What the exercise asks >> The lines below should be written out again in full, exactly as they are.

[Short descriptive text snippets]
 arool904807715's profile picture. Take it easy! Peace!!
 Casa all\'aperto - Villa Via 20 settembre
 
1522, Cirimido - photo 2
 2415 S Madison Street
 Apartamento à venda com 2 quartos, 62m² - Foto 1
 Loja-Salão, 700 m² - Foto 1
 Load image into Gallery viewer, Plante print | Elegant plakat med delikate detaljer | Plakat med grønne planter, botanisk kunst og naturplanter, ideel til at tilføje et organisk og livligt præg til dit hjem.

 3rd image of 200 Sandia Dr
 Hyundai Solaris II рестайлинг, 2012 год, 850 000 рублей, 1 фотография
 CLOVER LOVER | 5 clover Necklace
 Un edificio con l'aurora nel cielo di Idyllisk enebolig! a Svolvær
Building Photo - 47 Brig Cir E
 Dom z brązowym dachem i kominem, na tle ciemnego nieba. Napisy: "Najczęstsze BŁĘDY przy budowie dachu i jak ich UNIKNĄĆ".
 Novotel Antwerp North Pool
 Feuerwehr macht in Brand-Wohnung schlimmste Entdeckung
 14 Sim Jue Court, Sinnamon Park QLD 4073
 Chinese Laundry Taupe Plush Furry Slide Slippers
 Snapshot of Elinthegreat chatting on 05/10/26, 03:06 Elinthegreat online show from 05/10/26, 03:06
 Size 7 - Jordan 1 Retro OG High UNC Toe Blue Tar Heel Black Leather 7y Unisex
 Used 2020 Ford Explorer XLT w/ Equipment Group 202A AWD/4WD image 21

Solution >>
 arool904807715's profile picture. Take it easy! Peace!!
 Casa all\'aperto - Villa Via 20 settembre
 
1522, Cirimido - photo 2
 2415 S Madison Street
 Apartamento à venda com 2 quartos, 62m² - Foto 1
 Loja-Salão, 700 m² - Foto 1
 Load image into Gallery viewer, Plante print | Elegant plakat med delikate detaljer | Plakat med grønne planter, botanisk kunst og naturplanter, ideel til at tilføje et organisk og livligt præg til dit hjem.

 3rd image of 200 Sandia Dr
 Hyundai Solaris II рестайлинг, 2012 год, 850 000 рублей, 1 фотография
 CLOVER LOVER | 5 clover Necklace
 Un edificio con l'aurora nel cielo di Idyllisk enebolig! a Svolvær
Building Photo - 47 Brig Cir E
 Dom z brązowym dachem i kominem, na tle ciemnego nieba. Napisy: "Najczęstsze BŁĘDY przy budowie dachu i jak ich UNIKNĄĆ".
 Novotel Antwerp North Pool
 Feuerwehr macht in Brand-Wohnung schlimmste Entdeckung
 14 Sim Jue Court, Sinnamon Park QLD 4073
 Chinese Laundry Taupe Plush Furry Slide Slippers
 Snapshot of Elinthegreat chatting on 05/10/26, 03:06 Elinthegreat online show from 05/10/26, 03:06
 Size 7 - Jordan 1 Retro OG High UNC Toe Blue Tar Heel Black Leather 7y Unisex
 Used 2020 Ford Explorer XLT w/ Equipment Group 202A AWD/4WD image 21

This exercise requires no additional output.